Solid waste has become an urban issue that gives evidence to the greatly increasing economic activities in the municipalities and poses a challenge thereto. As both an issue and a challenge, it requires a collaboration of efforts from the government and the private citizens of the municipalities. Related issues that would have to be checked and considered as well include the need for a change in the people’s overall lifestyle, their manner of resource consumption and allocation of their increasing income.
The socio-economic, legal, health, environmental and cultural aspects of the municipalities would have to be revisited and made to contribute to the solid waste management programs of the government. (Jhaet. al. , 2007). Municipal Solid Waste (MSW) is a type of waste that, in particular, is not carried by water or air. The Federal Government of United States of America defines solid waste as any discarded material that is not excluded (40 CFR 261. 2; Mihelcic and Hutzler, 1999).
Therefore, MSW is composed of the degradable, the partially degradable, and the non-degradable wastes.
Degradable MSW includes paper, textiles, food wastes, straw and yard wastes; partially degradable waste includes wood and sludge, and non-degradable wastes include leather, plastics, rubber, metal, glass, dust and electronic waste. (Jha et. al. , 2007). The collection and disposal of the domestic wastes – whether degradable or non-degradable – over a period of years over-burdens the landfill.
The continuous loading, dumping and subsequent accumulation of garbage all have a long-term effect on the environment (Sharholy et. al. , 2007). Hence, there is a growing awareness of the need to study the negative impact of solid wastes on the environment and human health, particularly in the areas adjoining the landfill sites (Srinivas, 1998). One city in India that is burdened by the dilemma caused by the rising volume of its MSW generation is Chennai. Chennai is the capital of the state of Tamil Nadu and is located at 13.

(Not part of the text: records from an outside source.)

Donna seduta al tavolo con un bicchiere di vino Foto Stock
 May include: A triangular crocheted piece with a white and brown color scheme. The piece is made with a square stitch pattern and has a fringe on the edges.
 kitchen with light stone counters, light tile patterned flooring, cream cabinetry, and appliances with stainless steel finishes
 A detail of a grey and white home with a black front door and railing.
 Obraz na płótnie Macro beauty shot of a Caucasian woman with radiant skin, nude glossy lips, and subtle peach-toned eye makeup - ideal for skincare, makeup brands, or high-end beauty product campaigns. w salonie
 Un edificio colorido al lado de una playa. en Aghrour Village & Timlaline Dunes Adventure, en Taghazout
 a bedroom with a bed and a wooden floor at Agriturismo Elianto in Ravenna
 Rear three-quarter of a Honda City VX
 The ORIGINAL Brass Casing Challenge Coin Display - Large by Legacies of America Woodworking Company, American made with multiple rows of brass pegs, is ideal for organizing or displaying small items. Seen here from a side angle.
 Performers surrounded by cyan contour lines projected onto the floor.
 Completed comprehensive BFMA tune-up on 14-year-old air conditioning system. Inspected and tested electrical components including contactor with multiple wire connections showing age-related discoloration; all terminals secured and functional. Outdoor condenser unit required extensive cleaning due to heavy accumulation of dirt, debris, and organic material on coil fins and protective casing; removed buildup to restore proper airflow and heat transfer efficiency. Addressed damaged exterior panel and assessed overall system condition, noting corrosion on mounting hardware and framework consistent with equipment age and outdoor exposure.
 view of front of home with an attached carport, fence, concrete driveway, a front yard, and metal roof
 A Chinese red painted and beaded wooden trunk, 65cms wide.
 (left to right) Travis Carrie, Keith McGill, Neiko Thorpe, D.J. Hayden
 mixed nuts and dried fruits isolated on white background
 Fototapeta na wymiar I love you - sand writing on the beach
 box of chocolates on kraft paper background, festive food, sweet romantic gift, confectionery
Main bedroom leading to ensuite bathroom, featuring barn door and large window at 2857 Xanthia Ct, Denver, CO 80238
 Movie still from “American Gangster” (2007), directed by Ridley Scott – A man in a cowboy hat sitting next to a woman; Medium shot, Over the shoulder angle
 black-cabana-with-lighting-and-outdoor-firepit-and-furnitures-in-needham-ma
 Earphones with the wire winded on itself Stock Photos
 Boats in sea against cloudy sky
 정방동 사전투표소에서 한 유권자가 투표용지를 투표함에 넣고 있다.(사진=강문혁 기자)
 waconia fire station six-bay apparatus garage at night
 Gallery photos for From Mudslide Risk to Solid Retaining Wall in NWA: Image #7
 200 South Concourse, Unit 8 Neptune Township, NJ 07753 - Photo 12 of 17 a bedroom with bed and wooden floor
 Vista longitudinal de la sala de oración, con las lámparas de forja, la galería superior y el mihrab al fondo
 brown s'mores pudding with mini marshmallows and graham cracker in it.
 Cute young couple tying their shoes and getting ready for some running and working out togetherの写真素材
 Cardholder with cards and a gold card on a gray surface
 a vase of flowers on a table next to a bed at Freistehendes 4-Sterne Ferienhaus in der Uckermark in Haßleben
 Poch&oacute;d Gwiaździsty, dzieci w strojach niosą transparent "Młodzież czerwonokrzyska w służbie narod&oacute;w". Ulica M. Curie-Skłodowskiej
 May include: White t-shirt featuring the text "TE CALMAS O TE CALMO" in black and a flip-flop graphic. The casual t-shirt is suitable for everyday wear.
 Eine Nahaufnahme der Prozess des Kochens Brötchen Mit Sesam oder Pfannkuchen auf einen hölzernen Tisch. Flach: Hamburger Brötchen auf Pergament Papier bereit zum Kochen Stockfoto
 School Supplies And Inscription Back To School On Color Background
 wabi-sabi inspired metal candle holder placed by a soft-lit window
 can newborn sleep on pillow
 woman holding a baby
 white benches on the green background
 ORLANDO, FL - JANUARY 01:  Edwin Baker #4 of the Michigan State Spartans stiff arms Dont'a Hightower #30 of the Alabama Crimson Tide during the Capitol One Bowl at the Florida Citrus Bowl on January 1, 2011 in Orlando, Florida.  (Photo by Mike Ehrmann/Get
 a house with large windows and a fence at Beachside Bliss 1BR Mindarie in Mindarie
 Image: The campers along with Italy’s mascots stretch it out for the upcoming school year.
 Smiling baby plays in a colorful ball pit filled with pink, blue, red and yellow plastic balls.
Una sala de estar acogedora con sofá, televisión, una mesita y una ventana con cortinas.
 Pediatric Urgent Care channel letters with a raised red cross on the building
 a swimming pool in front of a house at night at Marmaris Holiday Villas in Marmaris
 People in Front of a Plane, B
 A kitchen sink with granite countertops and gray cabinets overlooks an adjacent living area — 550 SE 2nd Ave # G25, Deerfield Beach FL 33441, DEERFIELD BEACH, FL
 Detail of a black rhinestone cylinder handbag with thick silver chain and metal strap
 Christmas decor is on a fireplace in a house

04 degrees latitude and 80 degrees longitude in Southern India. It is one of the four major metropolitan cities in India – the other three being New Delhi, Mumbai and Kolkata – with a total area coverage of 174 sq km, 19 km in length and 9 km in width (Figure 1) (Chennai Map, 2000). The population in Chennai has reached five million. One of the oldest corporations in India is the Corporation of Chennai, which was established on the 29th of 1688 by the East India Company (COC, 2004). Corporation of Chennai is the civic body that governs the city of Chennai.
With the mayor as its head, the Corporation of Chennai has 155 councilors representing the 155 wards of the city. (Wikipedia) To do its mandate, the Corporation of Chennai has various departments attending to their respective duties and tasks. The departments are as follows: the Council Department, the General Administration, the Financial Management Unit, the Land & Estate Department, the Revenue Department, the Health Department, the Family Welfare Department, the Education Department, the Parks & Play Fields, and the Engineering Departments.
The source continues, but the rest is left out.